Od paru dni chodzę taka wściekła, że sama się dziwię, że jeszcze nie pochłonęłam całej lodówki - zawsze tak robiłam. Naprawdę myślałam, że przesilenie wiosenne się skończyło, chociaż może to po prostu mój parszywy charakter :D
Chociaż właściwie to mam inny problem i może któraś z Was się tym spotkała. Poza atakami w kierunku każdego bezbronnego człowieka, jestem potwornie śpiącą. Autentycznie śpiąca, siadam na łóżku i chcę mi się spać i nie ważne czy śpię 8 godzin czy 12 czy 5. Od miesiąc tak mam. Tarczyca to raczej nie jest, badałam tam kiedyś i wszystko było w porządku.

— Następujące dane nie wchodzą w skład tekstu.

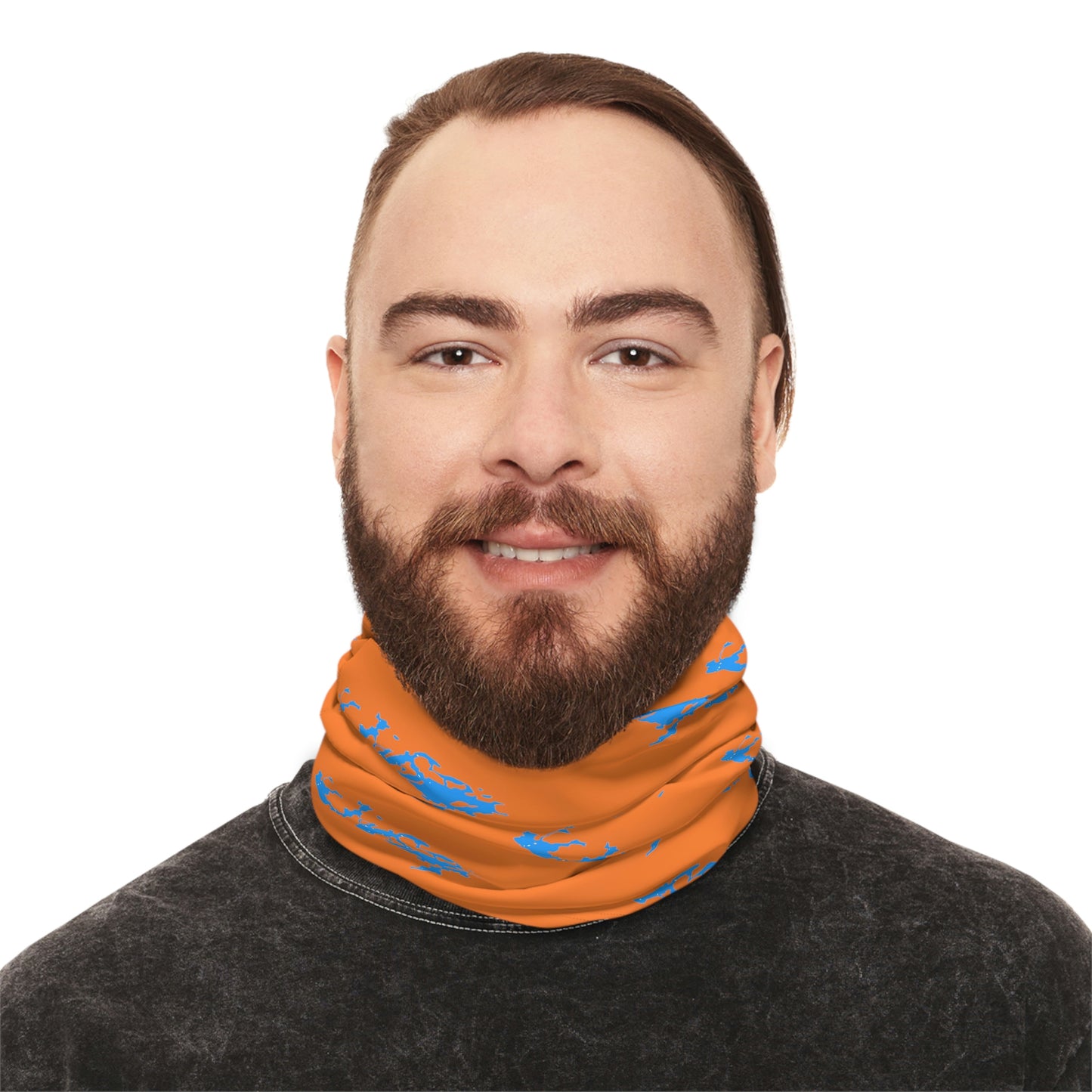 Cool Weather - Lake Vermilion - MN - Pattern - Fishing / Snowmobiling Winter Neck Gaiter With Drawstring - Orange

Nie wiem, może jestem hipochondryczką?
pchelka3
6 sierpnia 2015, 14:47Zbadaj tarczycę , żelazo i może też kilka innych rzeczy idź do rodzinnego powiedz w czym jest problem , on ci zleci badania.
angelisia69
12 maja 2015, 14:02wiesz kiedys badalas,a kwestia miesiaca i moze byc zmiana.Ale mam nadzieje ze nie,moze poprostu sobie wmawiasz choroby :P Wiecej luzu ;-)
Jonglesistka
12 maja 2015, 14:06Mam nadzieję, że jednak sobie wmawiam. Chociaż ta senność jest coraz bardziej uciążliwa i pewnie w końcu się przejdę do lekarza.
angelisia69
12 maja 2015, 14:13to cos na pobudzenie: Zen-szen,koktajle z zieleniny
Mika255
12 maja 2015, 13:58Sprawdz jeszcze raz tarczyce bo to sie zmienia z czasem.